> Description of the task
Lines from the one containing "CAR PASS Bling" through the end of the material are to be retyped exactly; do not copy pictures.

> Available data
___
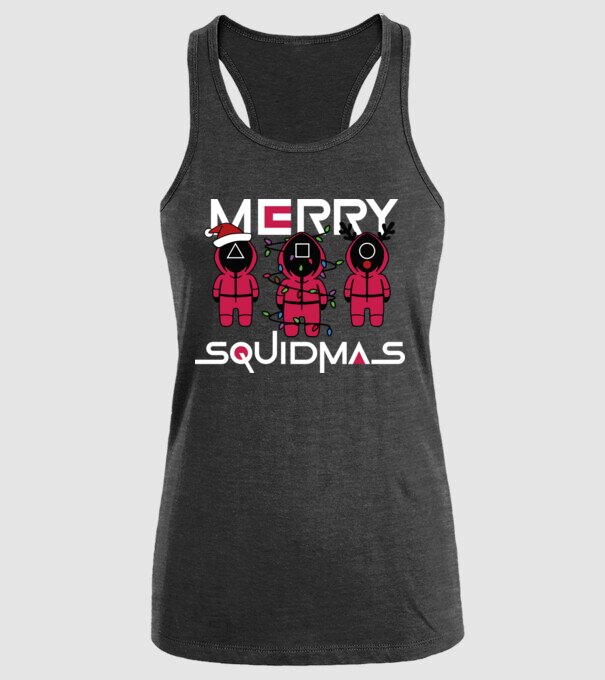 Merry squidmas model negru pe tricou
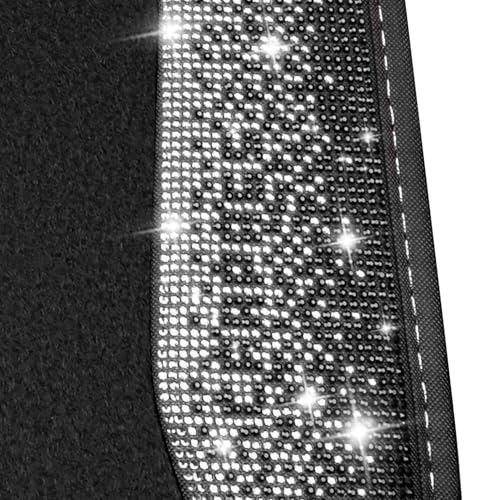 CAR PASS Bling Diamond Car Floor Mat Shining Rhinestones Carpet, Sparkly Glitter Crystal Anti-Slip PVC Heel Pad Automotive Universal Fit for SUV Sedan Car Van, 4pcs for Girl Cute Women, Black Silver - color: Silver Diamond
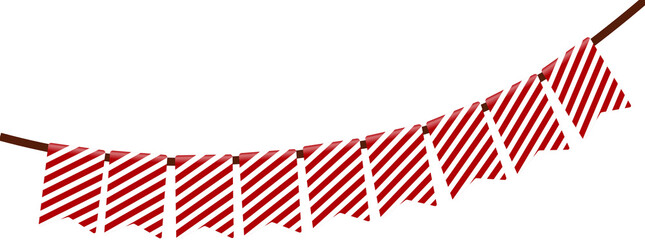 Obraz premium Red striped pennant banner for festive parties, ideal for birthday celebrations, baby showers, and holiday events to add color and charm.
___
> Finished task
 CAR PASS Bling Diamond Car Floor Mat Shining Rhinestones Carpet, Sparkly Glitter Crystal Anti-Slip PVC Heel Pad Automotive Universal Fit for SUV Sedan Car Van, 4pcs for Girl Cute Women, Black Silver - color: Silver Diamond
 Obraz premium Red striped pennant banner for festive parties, ideal for birthday celebrations, baby showers, and holiday events to add color and charm.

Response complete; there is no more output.